Virtualizing your Domain Controllers

I am asked all the time what the best practices are for domain controllers in a virtualized environment.  There are several that I will call out, but let’s begin with the simplest rule.

You should never have ONE domain controller.

This rule is not only true in virtualized environments, it is always true.  If you are too small to have a domain that is fine, but if you have a domain you should have two DCs.  If you run Windows Small Business Server that rule is just as true – join a second server to the domain and promote it.  YES IT DOES WORK, please don’t argue it again!
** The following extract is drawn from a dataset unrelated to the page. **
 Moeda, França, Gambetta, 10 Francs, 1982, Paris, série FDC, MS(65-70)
Smile

You can absolutely virtualize your domain controllers.

I hear this question from people all of the time… and the reality is that there is nothing wrong with virtualizing your DCs.  If the main concern is the Time Synchronization issue, then there is a simple answer for that.  Your Active Directory domain resources will not be able to authenticate if the time is off by more than 300 seconds (5 minutes).  However that skew is from the domain, and not your wrist watch.  If your radio says it is 3:15pm and your domain says that it is 10:38am, the only thing that matters is that your network resources think that it is between 10:34 and 10:42. 

In simple terms, if one time resource is off it is bad… if ALL of your time resources are off, it’s not.  This theory may fall down with external resources – I have noticed that Twitter (or at least many Twitter clients) are sticklers for time, and if you are off then you will not be able to authenticate.  Lync can also be an issue, and I am sure there are dozens of other externally provided services that will cause issues.  However internally as long as your client and your server have the same wrong time, you’ll be fine.
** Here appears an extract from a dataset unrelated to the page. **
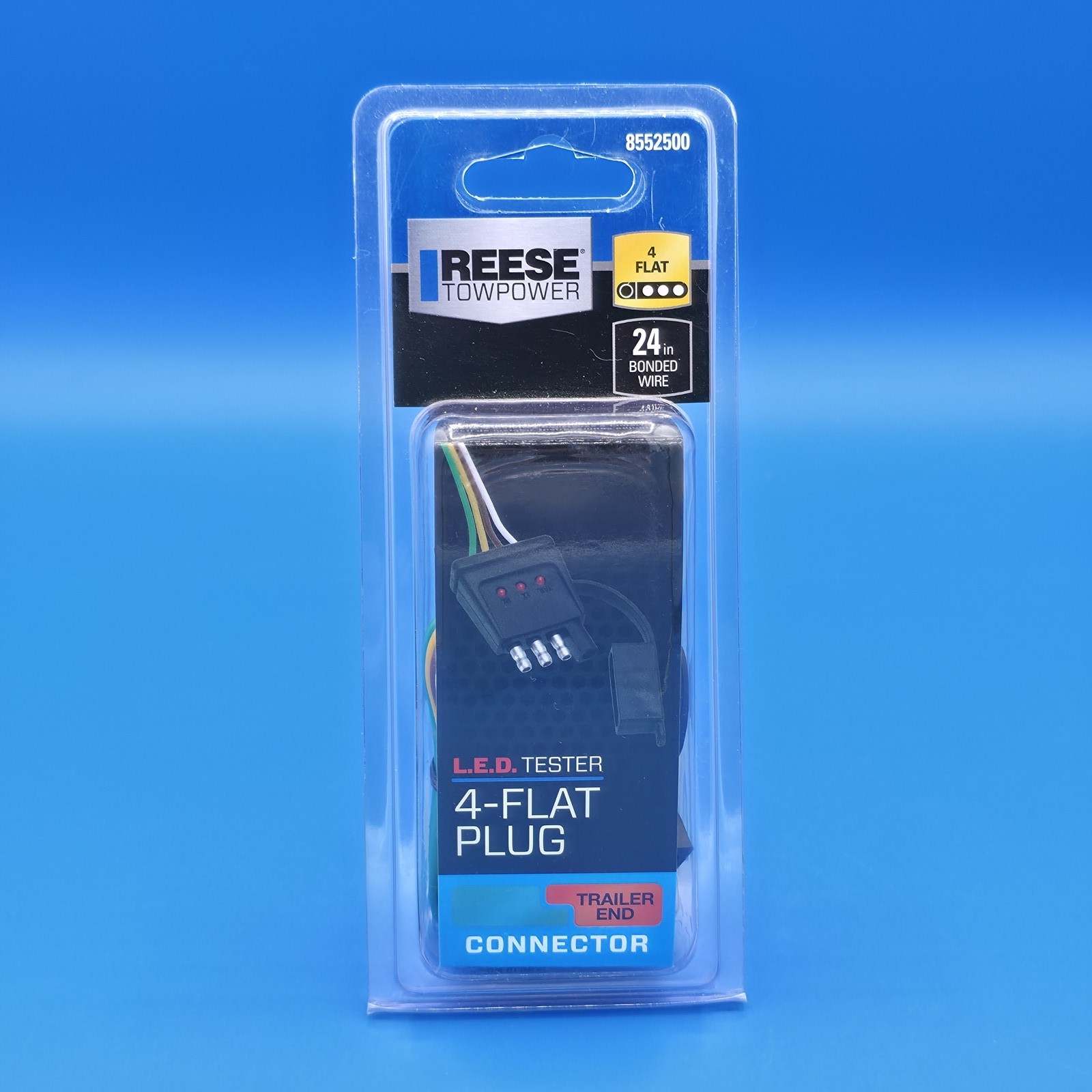 Reese Towpower 8552500 4-Way Flat Trailer End Connector with LED Tester NEW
So with that being said, my tendency is to select one domain controller and configure it to synchronize with an external time server.  I will then create a GPO in my domains to use that server as the authoritative time source for the entire network.  That prevents all manner of things from going wrong if you find the time is off.

Your Domain Controllers should be just that… and not much else!

Your DC should not be a file server, database server, media server, deployment server, update server… there are only three services that my domain controllers generally perform: Active Directory Domain Services, Domain Naming Service (DNS) server, and Distributed Host Configuration Protocol (DHCP) servers.  In my networks these three services go together nearly all of the time.  I don’t know of any good reason to put anything else on a domain controller, and every time someone says ‘Well what about…THIS?’ I disagree.

Of course, sometimes you don’t have a choice… Windows Small Business Server is a good example of that, but as you have likely heard me say before, SBS out of the box forces you to break a lot of rules that are simply not meant to be broken.  If you ever hear me discuss it I have said there are ways to make it more palatable… but that does not change the facts.  This is one reason I always tell my classes that it is easier for an enterprise administrator to adapt to small business IT than it is the reverse… the good habits of the enterprise admin will never hurt the SBS (although they may be considered overkill); some of the habits of small business IT Pros can, conversely, do serious damage to the enterprise IT environment.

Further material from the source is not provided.